Primo Cassarino (born April 26, 1956) is a New York mobster who became an enforcer for Gambino crime family, and extorted money from actor Steven Seagal.

==Foulest mouth in Brooklyn==
Born in 1956 to first generation immigrants from Sicily, Italy, Cassarino was the son of a longshoreman. His cousin is Gambino soldier Mario Cassarino. As a young man, Primo Cassarino joined the Gambino family and eventually became a made man, or full member. Cassarino belonged to Gambino capo Anthony "Sonny" Ciccone's crew, soon becoming the leading "bagman" and extortionist on the Staten Island, New York waterfront. Cassarino's legitimate job was as a sanitation worker for the New York Department of Sanitation. In 1991, Cassarino was injured falling off a garbage truck. Over the next 15 years, he was involved in litigation with the City for a special disability pension.

Cassarino's own lawyer once observed that his client had "the foulest mouth in Brooklyn." At one point, law enforcement recorded Cassarino berating a debtor who was late on a loan payment:

a greaseball [bleeping bleep]. ... You're a greaseball no good [bleeper]. ... You're a [bleeping] slimy [bleeper]. ... You better hope I don't see your [bleeping] face . . .

In 1997, Ciccone started receiving extortion payments from Carmine Ragucci, a leader of the Conservative Party of New York State and a terminal owner. It quickly became Cassarino's job to transfer these payments from Ragucci to Ciccone.

In April 2001, Cassarino was tasked with delivering cash payments from Ciccone to Gambino boss Peter Gotti. The two mobsters would meet on a street in the Howard Beach neighborhood of Queens.

==Steven Seagal==
In January 2001, Cassarino participated in an extortion attempt against actor Steven Seagal, who had recently terminated a business partnership with Julius R. Nasso, a Staten Island movie producer who was friends with Ciccone. Allegedly at Nasso's request, Cassarino and other crew members picked up Seagal by car to bring him to a meeting with Ciccone. Cassarino had these comments about Seagal refusing to sit in the front seat:

How the [expletive] do you put him in the back, he's six-foot-what, five? He didn't want nobody to shoot him in the [expletive] head. If he was sitting in the front, I'm right behind him.

At the meeting, Ciccone bluntly told Seagal that he had a choice of making four promised movies with Nasso or paying Nasso a penalty of $150,000 per movie.
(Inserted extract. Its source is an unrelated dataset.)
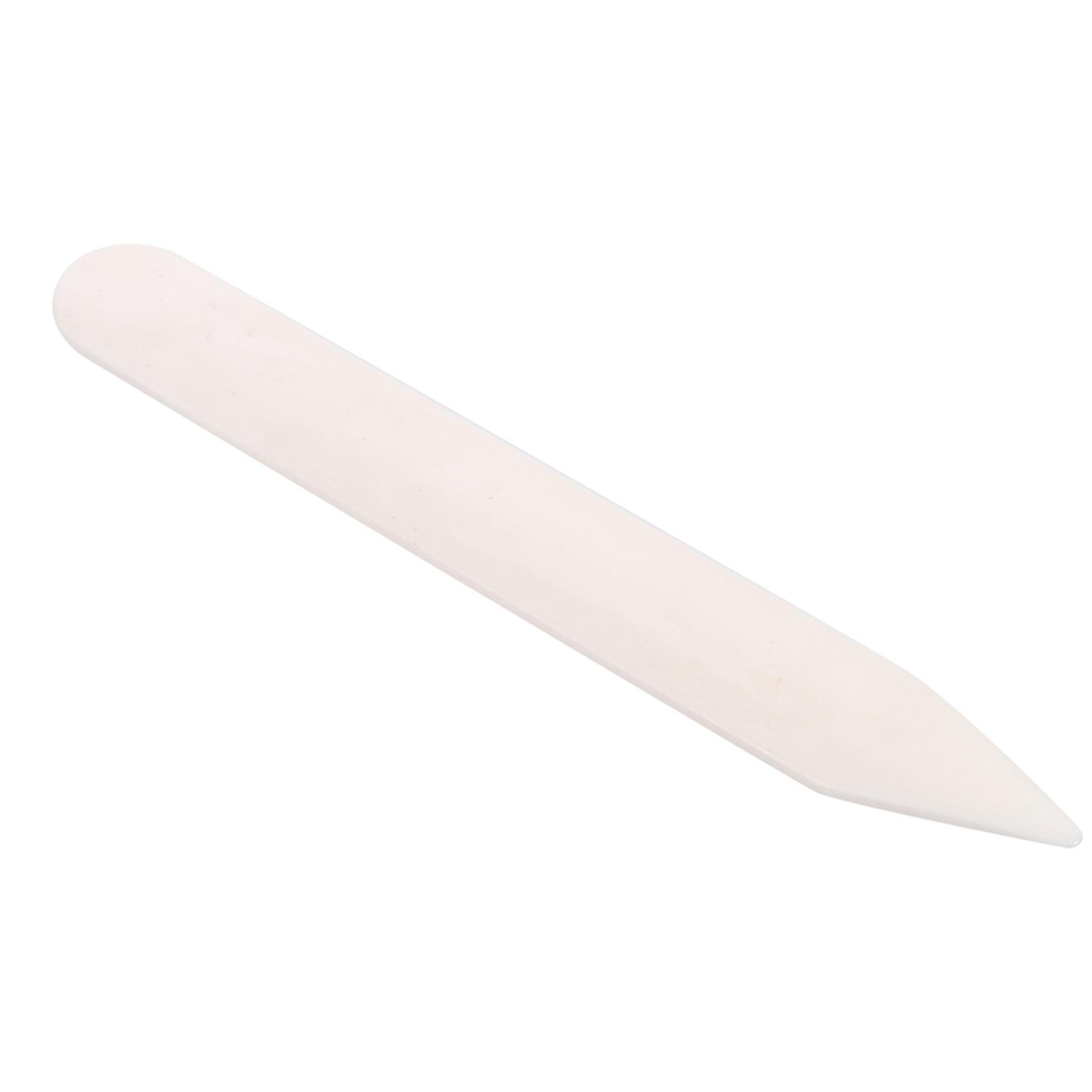 Touch Bone Folders Natural Bone Folder Tool For Scoring Folding Creasing Burinishing Edges Of Leather Craft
If Seagal refused, Ciccone would kill him. Seagal, who later claimed that he brought a handgun to the meeting, was able to stall Ciccone and escape the meeting unharmed.

==Conviction==
On March 17, 2003, Cassarino, Peter Gotti, Ciccone, and Richard V. Gotti were convicted of labor racketeering, extortion, and 63 other counts under the Racketeer Influenced and Corrupt Organizations Act. Seagal testified for the prosecution about the mobsters' extortion attempt.

In August 2004, Cassarino received an 11½-year prison sentence. At his sentencing, Cassarino said that the mob life was finished. He begged his children to continue with their education and make decent lives for themselves. Soon after his sentencing, Cassarino became a government witness in hopes of reducing his sentence.

In 2005, Cassarino testified for the prosecution in the trial of Genovese crime family capo Lawrence Ricci.